Nothing but the lines from the first line of the material below through the line that holds "在舒适的家中躺在沙发上的年轻人穿着随意的男性短信特写镜头视频的预览图" should be set down, exactly and with pictures left out.

**Record set:**
+++

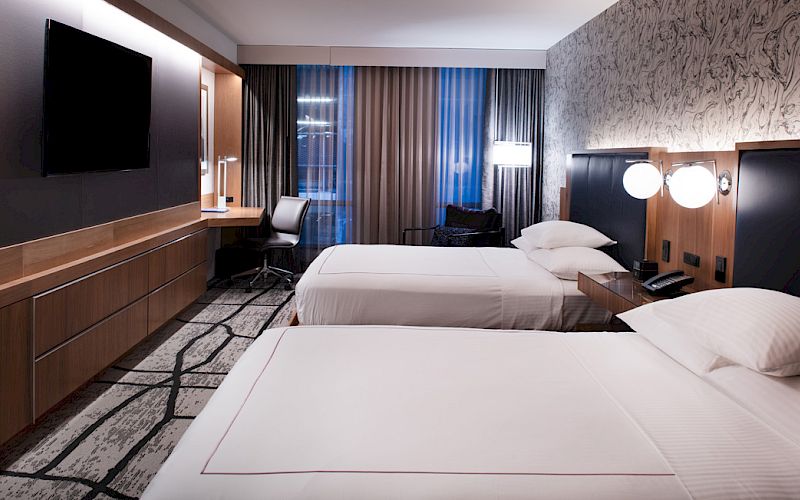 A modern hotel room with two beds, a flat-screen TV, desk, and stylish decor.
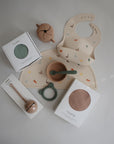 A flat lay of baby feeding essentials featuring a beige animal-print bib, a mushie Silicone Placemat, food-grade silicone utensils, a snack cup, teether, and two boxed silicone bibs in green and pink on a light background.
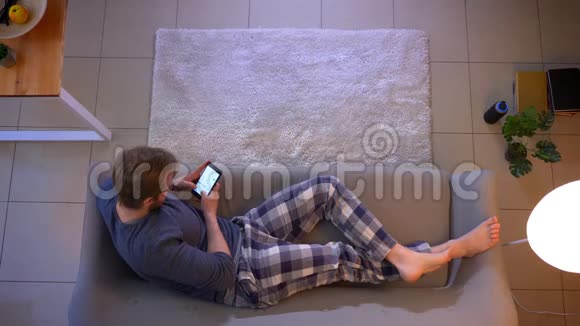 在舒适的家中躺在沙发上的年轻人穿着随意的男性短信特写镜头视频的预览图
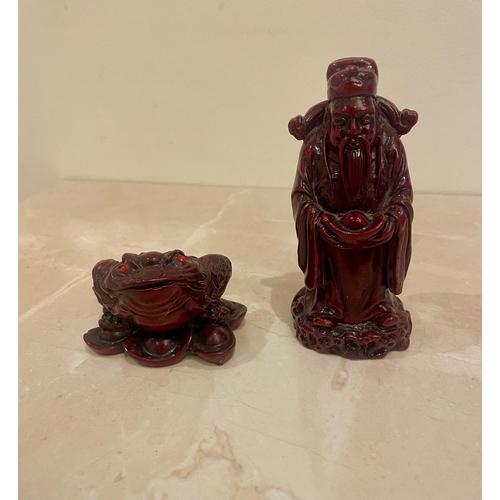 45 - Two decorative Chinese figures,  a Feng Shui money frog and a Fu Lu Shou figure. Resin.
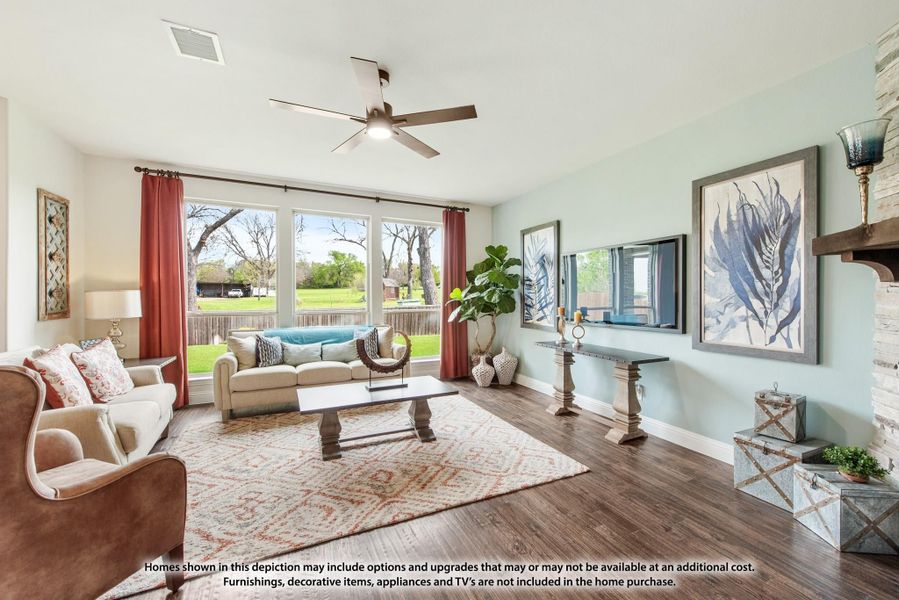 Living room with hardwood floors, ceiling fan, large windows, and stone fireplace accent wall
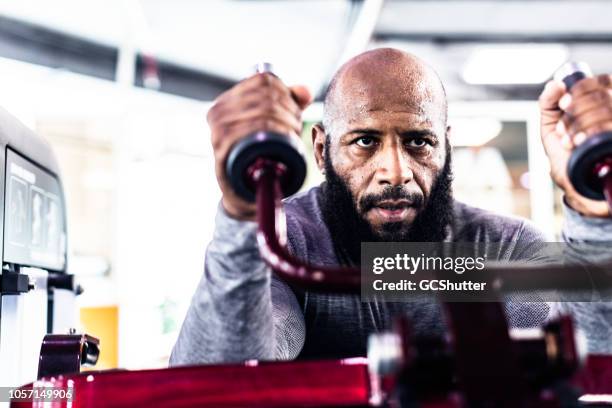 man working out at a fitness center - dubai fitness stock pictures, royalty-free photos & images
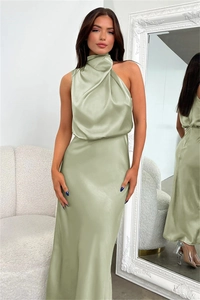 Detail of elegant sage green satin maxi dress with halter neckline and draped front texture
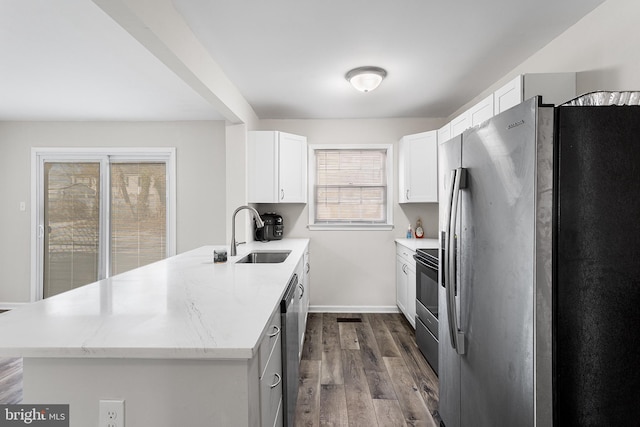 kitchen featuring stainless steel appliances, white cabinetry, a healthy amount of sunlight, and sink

+++

**Task output:**
 A modern hotel room with two beds, a flat-screen TV, desk, and stylish decor.
 A flat lay of baby feeding essentials featuring a beige animal-print bib, a mushie Silicone Placemat, food-grade silicone utensils, a snack cup, teether, and two boxed silicone bibs in green and pink on a light background.
 在舒适的家中躺在沙发上的年轻人穿着随意的男性短信特写镜头视频的预览图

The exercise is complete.